Selecting with expressions

In this page we show how to select rows and columns with the preferred expression approach. We cover:

  • use of the Expression API via the filter and select methods to select data
  • combining these expressions and
  • optimization of these expression in lazy mode.

To select data with expressions we use:

  • the filter method to select rows
  • the select method to select columns

For simplicity we deal with DataFrame examples throughout. The principles are the same for Series objects except that columns obviously cannot be selected in a Series. To illustrate the filter and select methods we define a simple DataFrame:

df = pl.DataFrame(
    {
        "id": [1, 2, 3],
        "color": ["blue", "red", "green"],
        "size": ["small", "medium", "large"],
    }
)
print(df)
shape: (3, 3)
┌─────┬───────┬────────┐
│ id  ┆ color ┆ size   │
│ --- ┆ ---   ┆ ---    │
│ i64 ┆ str   ┆ str    │
╞═════╪═══════╪════════╡
│ 1   ┆ blue  ┆ small  │
├╌╌╌╌╌┼╌╌╌╌╌╌╌┼╌╌╌╌╌╌╌╌┤
│ 2   ┆ red   ┆ medium │
├╌╌╌╌╌┼╌╌╌╌╌╌╌┼╌╌╌╌╌╌╌╌┤
│ 3   ┆ green ┆ large  │
└─────┴───────┴────────┘

Selecting rows with the filter method

We can select rows by using the filter method.
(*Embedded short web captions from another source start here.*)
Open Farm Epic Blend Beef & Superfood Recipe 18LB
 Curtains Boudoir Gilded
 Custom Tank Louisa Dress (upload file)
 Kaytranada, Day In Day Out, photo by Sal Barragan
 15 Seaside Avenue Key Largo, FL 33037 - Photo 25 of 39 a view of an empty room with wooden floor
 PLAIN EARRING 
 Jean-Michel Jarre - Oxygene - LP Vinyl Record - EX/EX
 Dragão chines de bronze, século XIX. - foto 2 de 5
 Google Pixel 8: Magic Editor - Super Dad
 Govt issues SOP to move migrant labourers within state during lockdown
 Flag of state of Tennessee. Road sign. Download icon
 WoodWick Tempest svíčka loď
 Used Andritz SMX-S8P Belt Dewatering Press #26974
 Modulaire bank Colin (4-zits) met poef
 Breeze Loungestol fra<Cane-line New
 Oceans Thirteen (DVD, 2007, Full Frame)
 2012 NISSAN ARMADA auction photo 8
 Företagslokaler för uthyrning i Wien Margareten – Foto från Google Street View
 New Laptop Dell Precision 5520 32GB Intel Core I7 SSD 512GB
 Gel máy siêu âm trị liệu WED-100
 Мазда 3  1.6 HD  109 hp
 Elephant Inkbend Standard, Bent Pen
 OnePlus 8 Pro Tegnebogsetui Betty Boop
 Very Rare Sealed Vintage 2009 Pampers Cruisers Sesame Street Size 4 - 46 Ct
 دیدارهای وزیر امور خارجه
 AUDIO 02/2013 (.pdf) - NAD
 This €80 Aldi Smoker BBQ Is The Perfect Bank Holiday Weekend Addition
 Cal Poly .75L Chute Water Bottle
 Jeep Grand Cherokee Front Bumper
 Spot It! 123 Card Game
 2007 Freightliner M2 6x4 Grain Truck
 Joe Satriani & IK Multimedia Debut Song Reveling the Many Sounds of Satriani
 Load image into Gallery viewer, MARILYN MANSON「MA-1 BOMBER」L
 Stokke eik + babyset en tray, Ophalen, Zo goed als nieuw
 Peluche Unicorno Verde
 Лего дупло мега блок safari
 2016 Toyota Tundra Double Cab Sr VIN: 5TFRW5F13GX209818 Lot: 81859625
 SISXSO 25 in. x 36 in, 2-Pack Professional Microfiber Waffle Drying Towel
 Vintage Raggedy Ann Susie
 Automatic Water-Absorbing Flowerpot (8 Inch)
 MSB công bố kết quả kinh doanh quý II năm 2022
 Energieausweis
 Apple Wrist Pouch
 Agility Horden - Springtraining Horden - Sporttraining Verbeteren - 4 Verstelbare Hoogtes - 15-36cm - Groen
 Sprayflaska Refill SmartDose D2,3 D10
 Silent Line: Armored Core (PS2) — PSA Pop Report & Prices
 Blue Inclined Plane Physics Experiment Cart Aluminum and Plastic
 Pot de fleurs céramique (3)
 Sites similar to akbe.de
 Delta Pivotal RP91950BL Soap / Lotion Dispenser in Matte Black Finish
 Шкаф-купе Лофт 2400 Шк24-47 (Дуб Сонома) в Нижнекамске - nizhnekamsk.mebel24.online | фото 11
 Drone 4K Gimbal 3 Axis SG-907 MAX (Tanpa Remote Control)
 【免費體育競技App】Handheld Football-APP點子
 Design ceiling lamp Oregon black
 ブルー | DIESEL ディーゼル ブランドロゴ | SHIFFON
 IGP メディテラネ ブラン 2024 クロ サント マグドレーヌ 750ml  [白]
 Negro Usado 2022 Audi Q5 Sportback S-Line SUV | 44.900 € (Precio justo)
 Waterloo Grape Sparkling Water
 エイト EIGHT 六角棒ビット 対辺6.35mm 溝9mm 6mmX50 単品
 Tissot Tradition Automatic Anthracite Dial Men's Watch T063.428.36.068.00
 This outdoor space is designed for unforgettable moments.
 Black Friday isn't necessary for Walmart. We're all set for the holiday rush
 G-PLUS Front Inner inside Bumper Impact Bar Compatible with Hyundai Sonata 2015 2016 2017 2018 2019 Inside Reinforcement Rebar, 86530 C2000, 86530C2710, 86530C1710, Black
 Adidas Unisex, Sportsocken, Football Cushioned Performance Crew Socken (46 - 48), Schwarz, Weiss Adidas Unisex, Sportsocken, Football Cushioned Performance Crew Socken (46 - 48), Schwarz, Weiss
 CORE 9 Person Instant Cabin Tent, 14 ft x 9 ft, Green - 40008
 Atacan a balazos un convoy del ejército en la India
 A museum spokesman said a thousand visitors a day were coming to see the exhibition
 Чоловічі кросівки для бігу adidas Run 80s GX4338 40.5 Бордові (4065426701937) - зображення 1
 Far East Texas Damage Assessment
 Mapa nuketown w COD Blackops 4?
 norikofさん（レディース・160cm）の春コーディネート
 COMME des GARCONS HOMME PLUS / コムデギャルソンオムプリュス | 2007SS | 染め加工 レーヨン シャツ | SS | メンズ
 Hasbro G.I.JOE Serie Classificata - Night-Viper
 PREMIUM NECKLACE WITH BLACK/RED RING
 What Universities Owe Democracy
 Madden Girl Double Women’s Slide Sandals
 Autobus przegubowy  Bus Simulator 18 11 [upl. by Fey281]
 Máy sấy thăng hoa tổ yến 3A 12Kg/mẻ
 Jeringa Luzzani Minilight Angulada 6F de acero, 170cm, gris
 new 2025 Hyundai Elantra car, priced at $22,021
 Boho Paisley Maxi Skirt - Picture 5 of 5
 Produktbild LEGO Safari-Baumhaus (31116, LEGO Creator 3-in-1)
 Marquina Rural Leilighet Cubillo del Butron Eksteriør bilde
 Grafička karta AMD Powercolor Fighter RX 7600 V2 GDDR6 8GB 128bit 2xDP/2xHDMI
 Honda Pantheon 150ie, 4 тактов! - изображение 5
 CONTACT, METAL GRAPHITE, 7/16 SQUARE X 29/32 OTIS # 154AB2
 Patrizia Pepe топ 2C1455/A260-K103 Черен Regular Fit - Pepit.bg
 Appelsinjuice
In the filter method we pass the condition we are using to select the rows as an expression:

filter_df = df.filter(pl.col("id") <= 2)
print(filter_df)
shape: (2, 3)
┌─────┬───────┬────────┐
│ id  ┆ color ┆ size   │
│ --- ┆ ---   ┆ ---    │
│ i64 ┆ str   ┆ str    │
╞═════╪═══════╪════════╡
│ 1   ┆ blue  ┆ small  │
├╌╌╌╌╌┼╌╌╌╌╌╌╌┼╌╌╌╌╌╌╌╌┤
│ 2   ┆ red   ┆ medium │
└─────┴───────┴────────┘

We can specify multiple conditions in filter using the & operator:

multi_filter_df = df.filter((pl.col("id") <= 2) & (pl.col("size") == "small"))
print(multi_filter_df)
shape: (1, 3)
┌─────┬───────┬───────┐
│ id  ┆ color ┆ size  │
│ --- ┆ ---   ┆ ---   │
│ i64 ┆ str   ┆ str   │
╞═════╪═══════╪═══════╡
│ 1   ┆ blue  ┆ small │
└─────┴───────┴───────┘

Selecting columns with the select method

We select columns using the select method. In the select method we can specify the columns with:

  • a (string) column name
  • a list of (string) column names
  • a boolean list of the same length as the number of columns
  • an expression such as a condition on the column name
  • a Series

Select a single column

single_select_df = df.select("id")
print(single_select_df)
shape: (3, 1)
┌─────┐
│ id  │
│ --- │
│ i64 │
╞═════╡
│ 1   │
├╌╌╌╌╌┤
│ 2   │
├╌╌╌╌╌┤
│ 3   │
└─────┘

Select a list of columns

list_select_df = df.select(["id", "color"])
print(list_select_df)
shape: (3, 2)
┌─────┬───────┐
│ id  ┆ color │
│ --- ┆ ---   │
│ i64 ┆ str   │
╞═════╪═══════╡
│ 1   ┆ blue  │
├╌╌╌╌╌┼╌╌╌╌╌╌╌┤
│ 2   ┆ red   │
├╌╌╌╌╌┼╌╌╌╌╌╌╌┤
│ 3   ┆ green │
└─────┴───────┘

Select based on a Boolean list:

boolean_list_select_df = df.select(
    [column for column in df.columns if column.startswith("col")],
)
print(boolean_list_select_df)
shape: (3, 1)
┌───────┐
│ color │
│ ---   │
│ str   │
╞═══════╡
│ blue  │
├╌╌╌╌╌╌╌┤
│ red   │
├╌╌╌╌╌╌╌┤
│ green │
└───────┘

Select columns with an expression

To select based on a condition on the column name:

condition_select_df = df.select(pl.col("^col.*$"))
print(condition_select_df)
shape: (3, 1)
┌───────┐
│ color │
│ ---   │
│ str   │
╞═══════╡
│ blue  │
├╌╌╌╌╌╌╌┤
│ red   │
├╌╌╌╌╌╌╌┤
│ green │
└───────┘

To select based on the dtype of the columns:

dtype_select_df = df.select(pl.col(pl.Int64))
print(dtype_select_df)
shape: (3, 1)
┌─────┐
│ id  │
│ --- │
│ i64 │
╞═════╡
│ 1   │
├╌╌╌╌╌┤
│ 2   │
├╌╌╌╌╌┤
│ 3   │
└─────┘

Selecting rows and columns

We can combine the filter and select methods to select rows and columns

expression_df = df.filter(pl.col("id") <= 2).select(["id", "color"])
print(expression_df)
shape: (2, 2)
┌─────┬───────┐
│ id  ┆ color │
│ --- ┆ ---   │
│ i64 ┆ str   │
╞═════╪═══════╡
│ 1   ┆ blue  │
├╌╌╌╌╌┼╌╌╌╌╌╌╌┤
│ 2   ┆ red   │
└─────┴───────┘

Query optimization

In lazy mode the query optimizer may be able to optimize the query based on the expressions.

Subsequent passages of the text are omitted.